Prior Supreme Court Decisions

In 2021, the Supreme Court decided PennEast Pipeline Co. v. New Jersey, which clarified that states can be sued if they agreed that their sovereignty would yield to the exercise of a particular federal power as part of the “plan of the convention,” “that is, if ‘the structure of the original Constitution itself’ reflects a waiver of States’ immunity.” According to the Court, “PennEast defined the test for structural waiver as whether the federal power is ‘complete in itself, and the States consented to the exercise of that power—in its entirety—in the plan of the Convention.’”

The Supreme Court’s Decision

The Supreme Court sided with Torres and revived his suit against Texas. In a 5-4 decision, Justice Breyer first pointed out that, under its war powers enumerated in Article I § 8 of the Constitution, Congress enacted USERRA, giving returning veterans the right to reclaim their prior jobs with state employers and authorizes suit if those employers refuse to accommodate them.

The Court then held that states cannot invoke sovereign immunity as a legal defense to a USERRA suit. The majority reasoned that, by entering the Union, the states implicitly agreed that their sovereignty would yield to federal policy to build and keep a national military. As a result, states gave up their immunity from congressionally authorized suits pursuant to the “plan of the Convention,” as part of “the structure of the original Constitution itself.”

Thus, the Court held that by ratifying the Constitution, the states agreed to waive their sovereign immunity for the good of the common defense.

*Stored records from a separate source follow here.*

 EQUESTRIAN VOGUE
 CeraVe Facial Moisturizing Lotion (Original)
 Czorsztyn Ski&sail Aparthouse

Congress can use this federal power to authorize private damages suits against nonconsenting states, as it did with USERRA. Consequently, the DPS did not have sovereign immunity to Torres’s USERRA claim and his lawsuit could move forward.

Key Takeaways

Prior to the Torres decision, sovereign immunity—either by statute or case law, or both—blocked USERRA suits against 19 states (Alabama, Arkansas, Delaware, Florida, Georgia, Illinois, Kentucky, Maine, Massachusetts, Michigan, Nevada, Oregon, Pennsylvania, South Dakota, Texas, Utah, Virginia, West Virginia, and Wyoming). Following the Torres v. Texas Department of Public Safety decision, sovereign immunity will no longer serve as a defense for a state employer to a USERRA claim.

After Torres v. Texas Department of Public Safety, state employers are now liable for damages under USERRA. Accordingly, such employers may want to carefully review USERRA’s requirements regarding reemployment and accommodations of veteran employees.

Finally, while employers, both public and private, face an array of employment issues, many of them unique and novel as a result of the COVID-19 pandemic, they may want to be mindful of obligations imposed by USERRA, a statute that is applicable to all employers, regardless of size.